BEGIN EXCERPTED RECORDS

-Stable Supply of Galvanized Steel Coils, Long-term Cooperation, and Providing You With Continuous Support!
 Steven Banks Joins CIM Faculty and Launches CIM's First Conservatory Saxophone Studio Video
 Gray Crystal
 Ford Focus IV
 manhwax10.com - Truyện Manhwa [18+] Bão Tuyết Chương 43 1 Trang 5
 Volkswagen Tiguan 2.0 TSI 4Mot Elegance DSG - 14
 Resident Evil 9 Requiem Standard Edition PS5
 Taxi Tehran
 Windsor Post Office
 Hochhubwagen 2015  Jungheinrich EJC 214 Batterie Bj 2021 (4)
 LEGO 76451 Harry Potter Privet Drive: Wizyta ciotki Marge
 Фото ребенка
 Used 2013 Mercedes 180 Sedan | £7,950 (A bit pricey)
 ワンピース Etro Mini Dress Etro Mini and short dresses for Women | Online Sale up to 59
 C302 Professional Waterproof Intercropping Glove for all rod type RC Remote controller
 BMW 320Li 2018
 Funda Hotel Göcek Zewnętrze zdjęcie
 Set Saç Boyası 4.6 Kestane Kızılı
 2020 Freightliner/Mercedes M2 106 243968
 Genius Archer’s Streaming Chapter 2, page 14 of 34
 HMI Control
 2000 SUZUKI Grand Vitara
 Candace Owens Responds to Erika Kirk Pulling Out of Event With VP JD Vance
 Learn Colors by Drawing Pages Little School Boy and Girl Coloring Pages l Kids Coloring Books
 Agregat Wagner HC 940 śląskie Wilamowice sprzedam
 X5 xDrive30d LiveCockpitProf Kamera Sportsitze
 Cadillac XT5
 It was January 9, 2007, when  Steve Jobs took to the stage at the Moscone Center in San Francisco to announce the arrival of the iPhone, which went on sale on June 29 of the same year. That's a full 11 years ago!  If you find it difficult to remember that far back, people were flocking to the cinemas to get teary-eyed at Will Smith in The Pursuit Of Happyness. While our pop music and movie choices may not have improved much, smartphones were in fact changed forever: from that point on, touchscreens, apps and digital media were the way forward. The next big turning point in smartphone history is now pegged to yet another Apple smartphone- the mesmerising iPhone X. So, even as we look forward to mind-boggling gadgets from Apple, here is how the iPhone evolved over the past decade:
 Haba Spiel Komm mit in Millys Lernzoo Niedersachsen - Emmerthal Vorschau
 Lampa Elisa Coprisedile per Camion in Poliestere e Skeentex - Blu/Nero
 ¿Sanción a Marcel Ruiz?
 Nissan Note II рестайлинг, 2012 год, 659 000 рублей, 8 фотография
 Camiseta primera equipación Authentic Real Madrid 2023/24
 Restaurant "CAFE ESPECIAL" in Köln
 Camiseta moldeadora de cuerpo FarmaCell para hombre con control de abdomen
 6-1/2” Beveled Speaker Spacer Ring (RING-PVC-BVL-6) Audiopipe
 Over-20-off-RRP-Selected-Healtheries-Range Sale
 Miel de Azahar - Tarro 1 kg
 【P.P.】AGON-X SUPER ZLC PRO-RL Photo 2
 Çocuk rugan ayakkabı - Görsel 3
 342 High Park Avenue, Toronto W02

END EXCERPTED RECORDS

**TASK TO COMPLETE**
Your answer must consist solely of the lines from the top of the entries above through the line containing "Ford Focus IV", copied exactly, both ends included.

**EXERCISE RESPONSE**
-Stable Supply of Galvanized Steel Coils, Long-term Cooperation, and Providing You With Continuous Support!
 Steven Banks Joins CIM Faculty and Launches CIM's First Conservatory Saxophone Studio Video
 Gray Crystal
 Ford Focus IV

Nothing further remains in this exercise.